Exercise: Below this task are records; return each one exactly and omit its images.

------ Task data ------

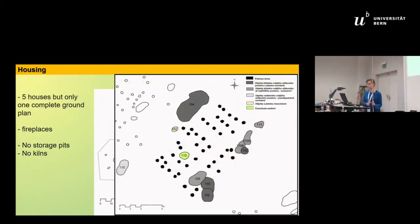Here is the ground plan of the one complete house. As you can see, this is the fireplace, and the overall plan is typical for LBK culture.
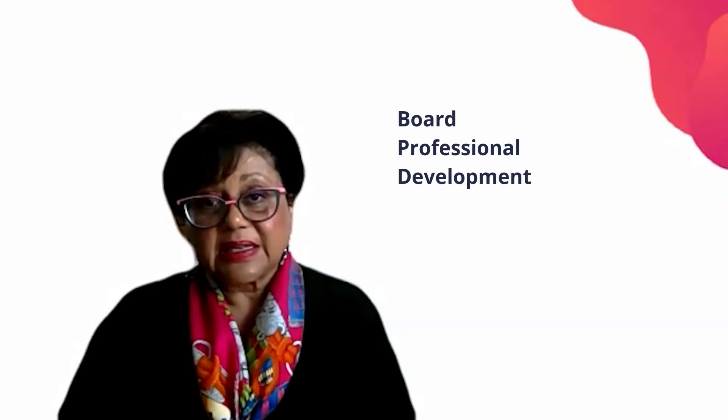Board professional development. We know this is very expensive and for small not-for-profits it's often out of their reach, but you can easily continually develop yourself free of charge. There is a plethora of information on the internet and many of the governance organizations have a certain amount of information they will give free. I would recommend that you source some great insights and papers online, distribute them to your board members, and then convene a meeting where board members can discuss key things that stood out for them and how the board can implement those key tools to improve board performance.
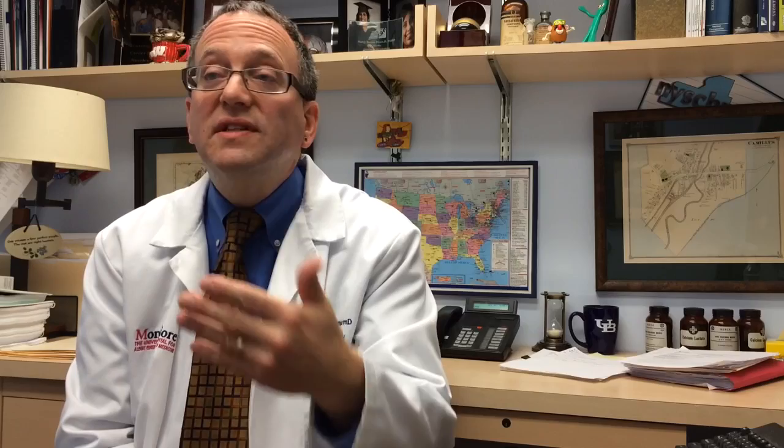Collaborative practice allows our pharmacists to do what they do best — to work at the top of their license. We are always and always will be that medication expert.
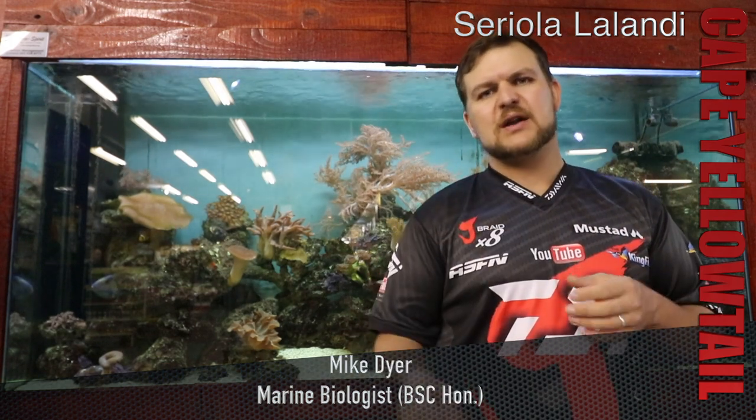Yellowtail like shoaling together. Only really the giants you're going to get as singles or sort of groups of up to about five or so. The other ones you're going to find in massive shoals, generally around pinnacles, reef structure, things like that — any sort of change in the bottom. And obviously that makes them vulnerable to targeting because you've got a big aggregation of them. And once you've caught one, generally it gets that hype going and they all start feeding.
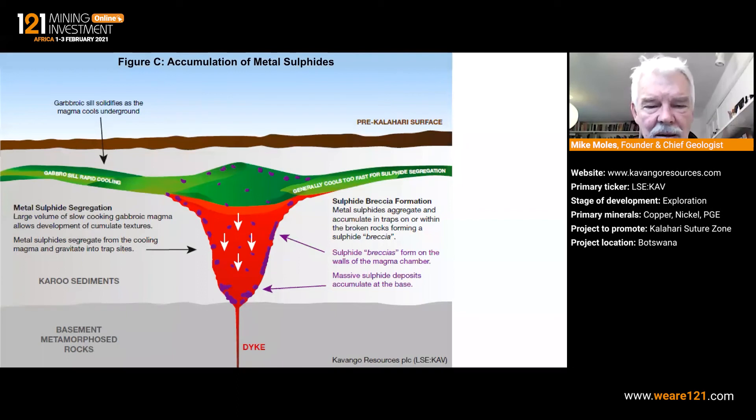Moving on a few million years: the intrusive is cooling down, and as it cools the metal sulfide liquid, because it's heavy and dense, works its way down towards the bottom of the magma chamber, but it will also adhere to the wall rocks, forming sulfide breccias, which are also a common feature of this type of mineralization.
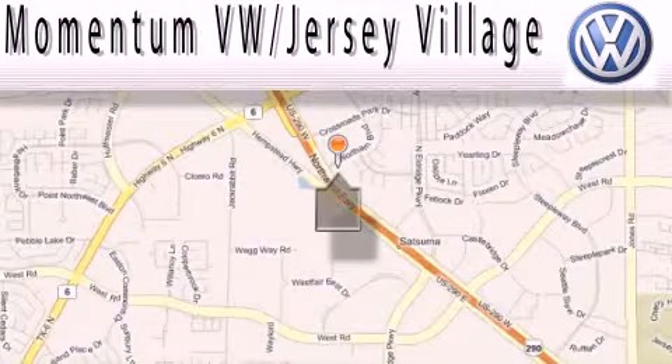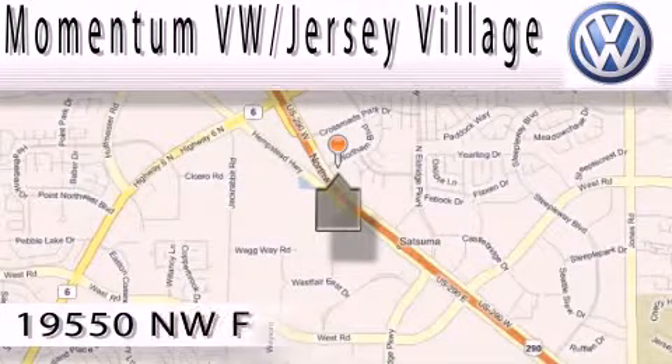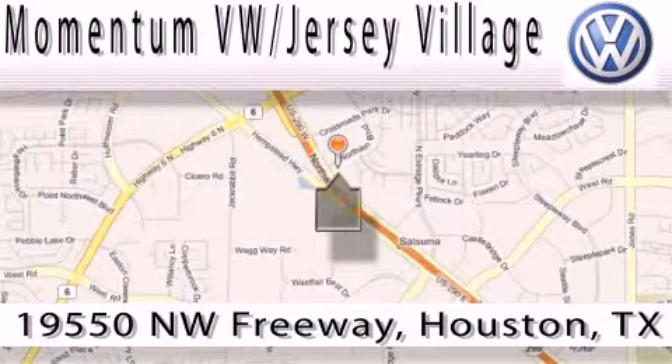Extreme low-pressure sales, extreme friendliness, and extreme fair pricing. That's Volkswagen of Jersey Village, a proud member of the largest dealer chain in Houston.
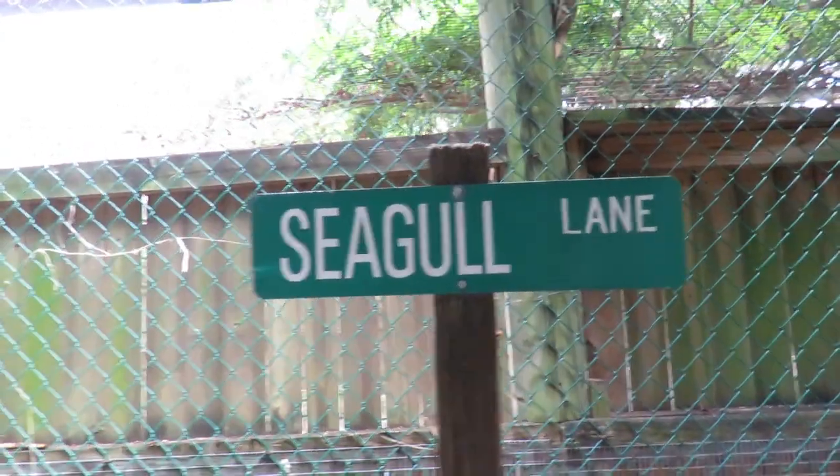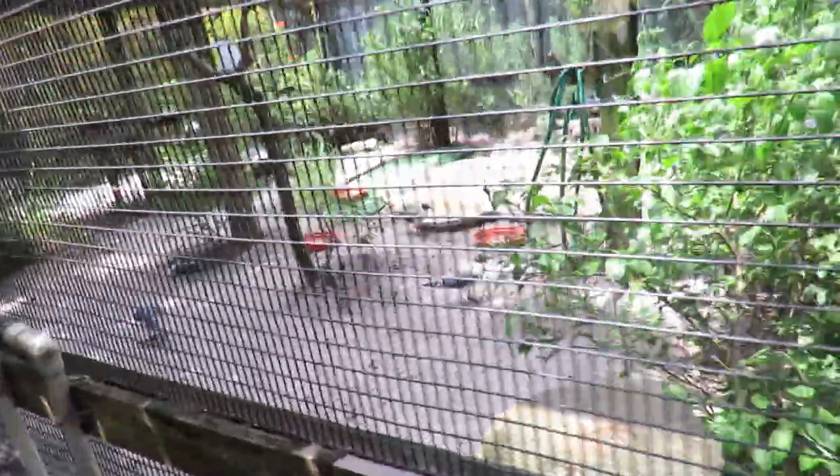Alright guys, we're filming live at Seagull Lane. Not kidding. So we just took a look at, let's do a quick compare.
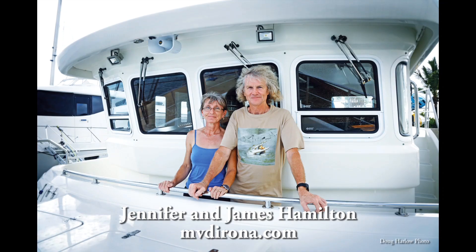You can read more about our trip around the world at mvderona.com, including an interactive map showing our track with a live update of our current location.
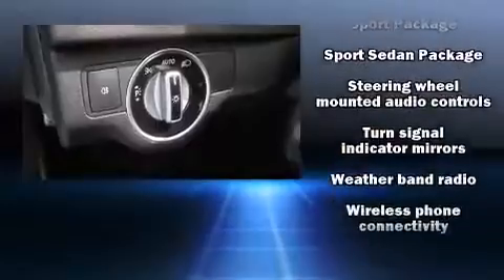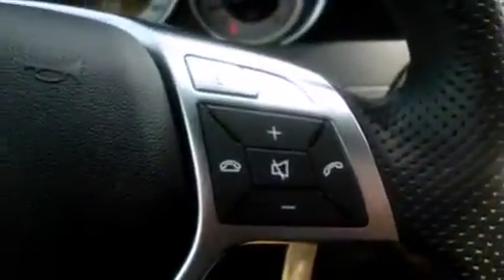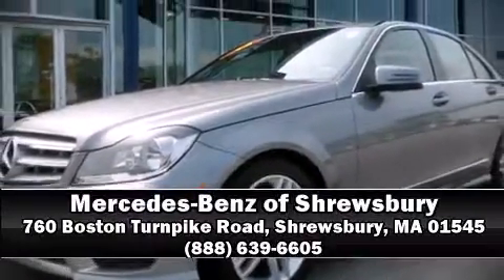This vehicle has achieved certified pre-owned status by passing Mercedes-Benz's comprehensive certification process. Stop by our dealership or give us a call for more information.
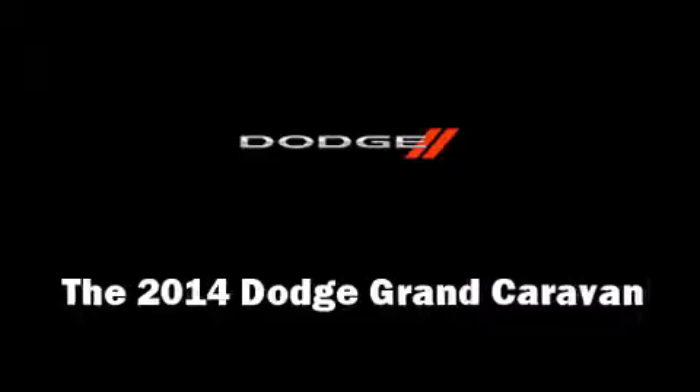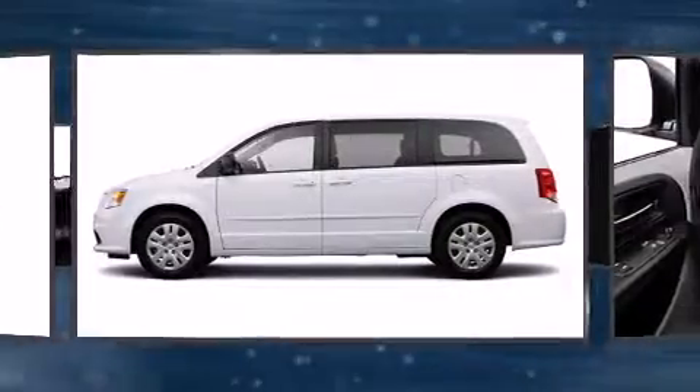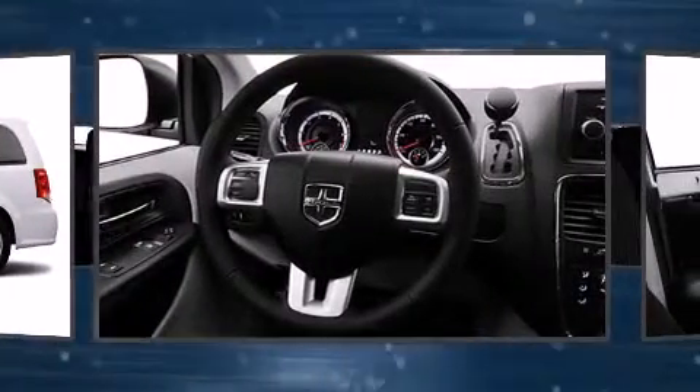The 2014 Dodge Grand Caravan. It features an automatic transmission, front-wheel drive, and a refined six-cylinder engine.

------

Exercise result:
Here is the ground plan of the one complete house. As you can see, this is the fireplace, and the overall plan is typical for LBK culture.
Board professional development. We know this is very expensive and for small not-for-profits it's often out of their reach, but you can easily continually develop yourself free of charge. There is a plethora of information on the internet and many of the governance organizations have a certain amount of information they will give free. I would recommend that you source some great insights and papers online, distribute them to your board members, and then convene a meeting where board members can discuss key things that stood out for them and how the board can implement those key tools to improve board performance.
Collaborative practice allows our pharmacists to do what they do best — to work at the top of their license. We are always and always will be that medication expert.
Yellowtail like shoaling together. Only really the giants you're going to get as singles or sort of groups of up to about five or so. The other ones you're going to find in massive shoals, generally around pinnacles, reef structure, things like that — any sort of change in the bottom. And obviously that makes them vulnerable to targeting because you've got a big aggregation of them. And once you've caught one, generally it gets that hype going and they all start feeding.
Moving on a few million years: the intrusive is cooling down, and as it cools the metal sulfide liquid, because it's heavy and dense, works its way down towards the bottom of the magma chamber, but it will also adhere to the wall rocks, forming sulfide breccias, which are also a common feature of this type of mineralization.
Extreme low-pressure sales, extreme friendliness, and extreme fair pricing. That's Volkswagen of Jersey Village, a proud member of the largest dealer chain in Houston.
Alright guys, we're filming live at Seagull Lane. Not kidding. So we just took a look at, let's do a quick compare.
You can read more about our trip around the world at mvderona.com, including an interactive map showing our track with a live update of our current location.
This vehicle has achieved certified pre-owned status by passing Mercedes-Benz's comprehensive certification process. Stop by our dealership or give us a call for more information.
The 2014 Dodge Grand Caravan. It features an automatic transmission, front-wheel drive, and a refined six-cylinder engine.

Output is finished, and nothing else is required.